Major Chinese solar panel manufacturers are targeting the fast-growing Japanese market for their panels in 2010 and beyond. The U.S. sector remains fragmented, due to a lack of a national climate change policy, but it looks promising in the longer term, they say.
Japan is aiming for 28 gigawatts of solar power in 10 years. In comparison, current solar capacity worldwide is under 17 gigawatts.
“Some countries, when they put out a national goal, you don’t know whether they will achieve it, but Japan seems to have a good track record,” said Shawn Qu, CEO of Canadian Solar, a Chinese manufacturer of solar power modules.
“If the [Japanese] government puts out the target, then they have the mechanism to make sure it happens.”
Japan reintroduced solar subsidies for home panels last April, after pulling the plug on the incentives in 2005. It watched sales more than double in 2009, compared with the previous year.
“We believe [the market] is going to double again in 2010,” Qu told investors and reporters at the Piper Jaffray clean energy technology conference.

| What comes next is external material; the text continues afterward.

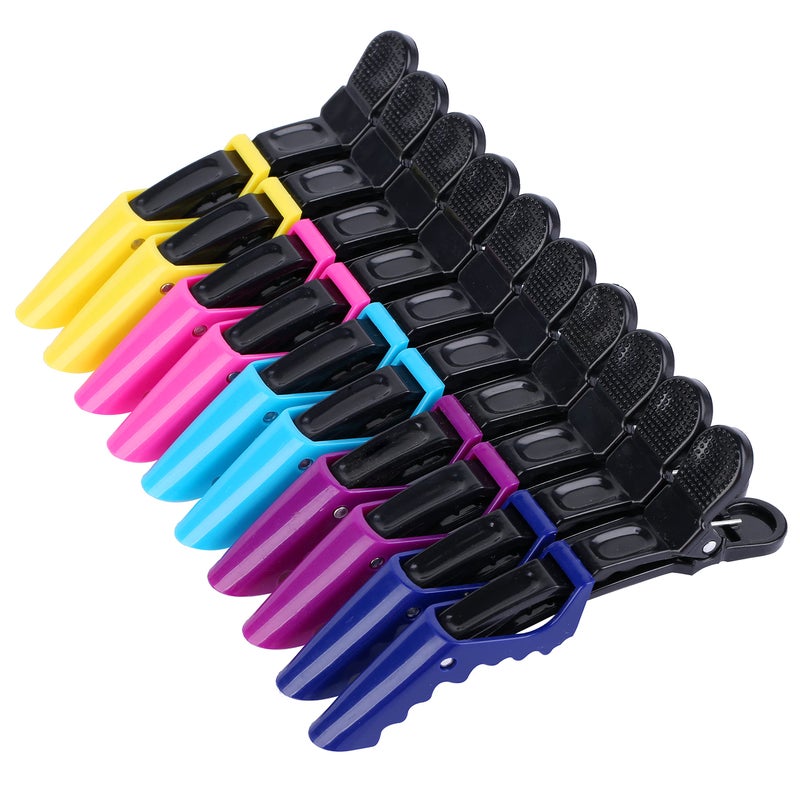 HH&LL Hair Clips for Women â€“ Wide Teeth & Double-Hinged Design â€“ Alligator Styling Sectioning Clips of Professional Hair Salon Quality - 10Pack (Mixing) - Image 1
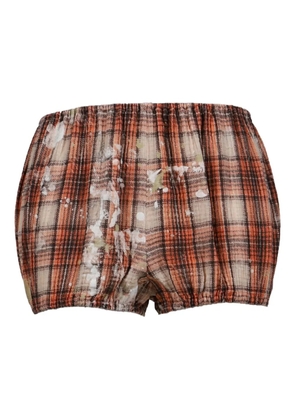 R13 paint-splatter plaid bloomers - Orange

JA Solar, another Chinese solar panel maker, echoed Canadian Solar’s optimism over Japan.
“Today, the Japanese market is very strong,” said Ming Yang, vice president of business development for the firm, citing the nation’s high electricity rates plus a “very good subsidy support from the Japanese government.”
A Fragmented U.S. Market
While Japan was singled out for fast expansion, both companies pointed out that the U.S. solar industry is brightening.
For Canadian Solar, which moved its headquarters to Ontario from China last September, the U.S. was not on the business map in 2008. But in 2009, the American market covered nearly 10 percent of the company’s sales.

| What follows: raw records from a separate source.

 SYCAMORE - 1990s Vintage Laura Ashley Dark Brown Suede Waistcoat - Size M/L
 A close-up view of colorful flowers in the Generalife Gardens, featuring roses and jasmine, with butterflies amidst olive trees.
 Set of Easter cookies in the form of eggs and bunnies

The U.S. is going to be a “high-growth market,” predicted Qu, but it is “very fragmented at this moment.”
The major difficulty for solar makers is the lack of a blanket federal policy to combat climate change. Current carbon regulation in America is marked by a patchwork of state laws, which include renewable energy portfolio standards (RPS) in roughly 30 states, creating multiple markets with various clean power targets.
Still, the “U.S. has the potential to become, if not No. 1, then the No. 2 solar market in the world,” Qu said. “Give it three or four years.” Currently, Germany is the world’s top market for solar by installed capacity, thanks to aggresive government subsidies in recent years.

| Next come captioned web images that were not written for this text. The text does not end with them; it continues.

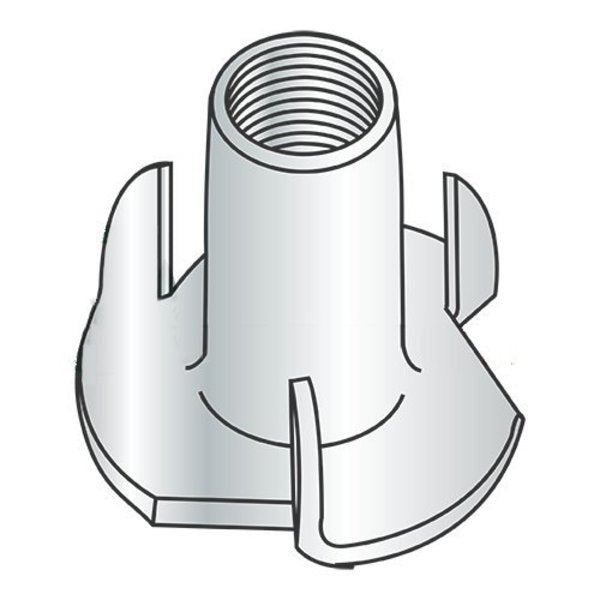 T-Nut,  3 Prongs,  5/16"-18,  Steel,  Zinc Plated,  1/2 in Barrel Ht,  1000 PK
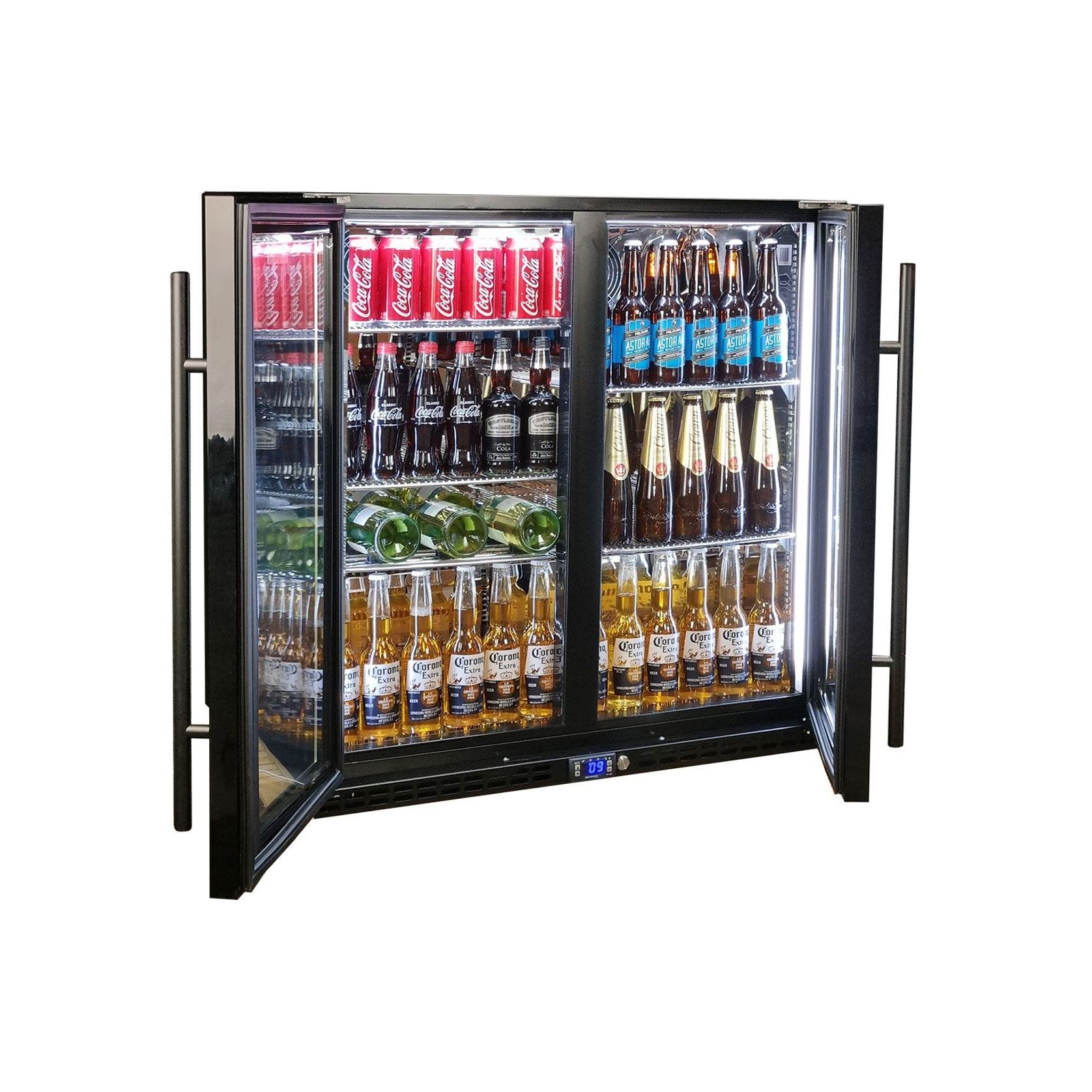 Black Heated Glass 2-Door Under Bench Bar Fridge gallery detail image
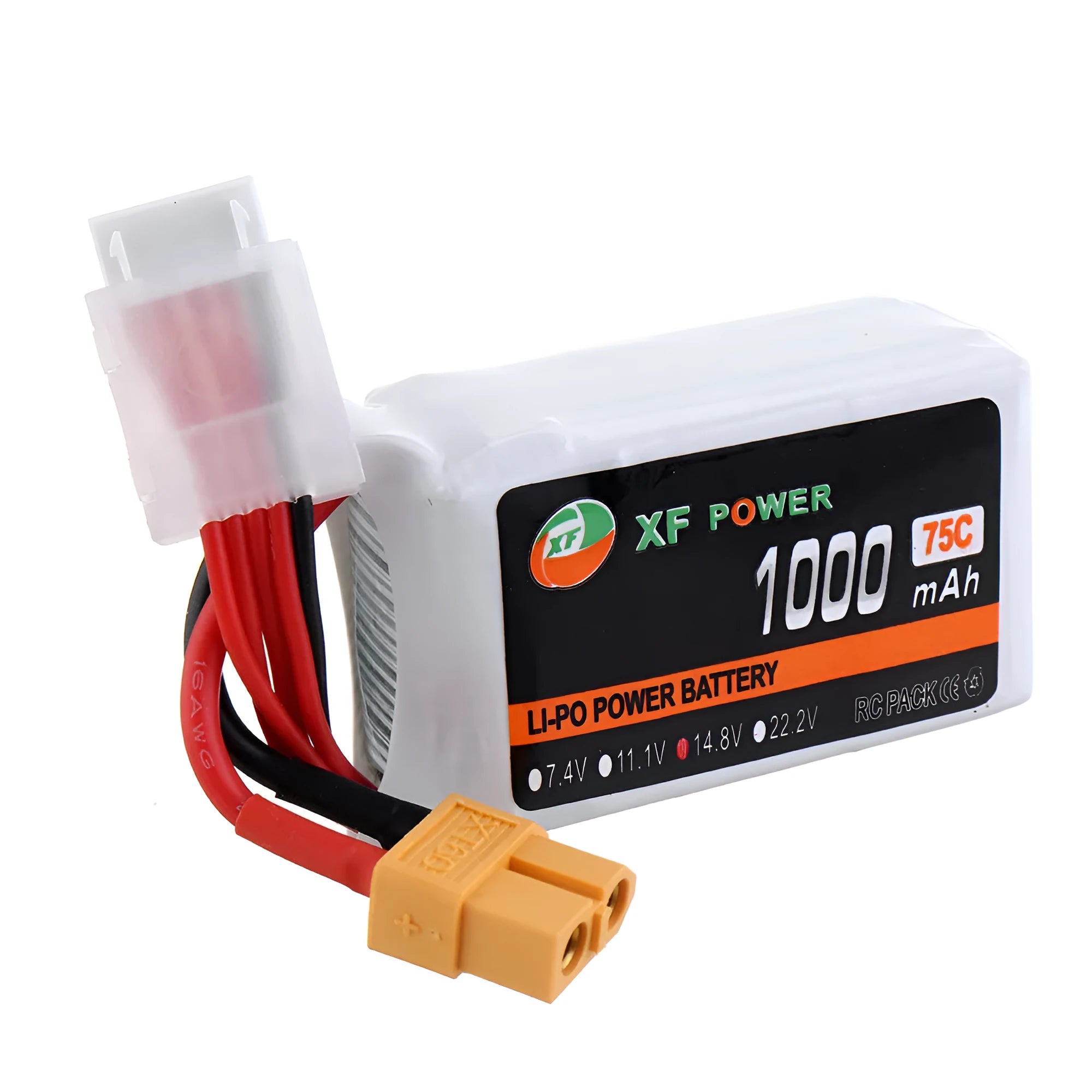 XF Power 14.8V 1000mAh 75C 4S graphene lithium polymer drone battery with black XT60 connector.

The main market drivers in the U.S. are expected to be the federal stimulus money related to clean energy and state renewable electricity standards, said Roger Little, CEO of Spire Corp., a Massachusetts-based maker of solar equipment.
“The U.S. is going to be the fastest growing market in the world,” he said. “States have incentives that the feds haven’t gotten to yet.
“There’s something like 250 gigawatts over 10 years [in clean electricity] that the states have identified are needed for their RPS and other applications.”
In a sea of Asian solar makers, Little pushed another message: Buy American. “You can make modules in the U.S. for almost as much as you can make them in China,” he said.
China’s LDK Solar, meanwhile, the largest and lowest-cost solar wafer company in the world, said the U.S. is on its radar, while the Chinese market really is set to boom.
“Module sales in North America will be a big opportunity for LDK to explore down the road,” said Xiaofeng Peng, the company’s chairman and CEO. “China,” he added, “in the next five years could be one of the biggest solar markets.”
Global Growth
Qu described the nascent solar energy market as a “roller coaster ride.”
“Every year it is going to have its new challenges,” he said. But even with the tumult in the solar energy sector, most observers agree that solar will be mostly up for many years to come.
The lesson of 2009, said Qu, is that “solar can maintain a very healthy growth even during the worst financial crisis in modern history.”
Yang of JA Solar predicted a constant 30 to 40 percent boost in the industry over the next 10 years, as nations, including Europe, China, and U.S. states, chase national renewable energy targets by 2020. Solar power is “one of the few solutions that can help achieve that,” Yang said.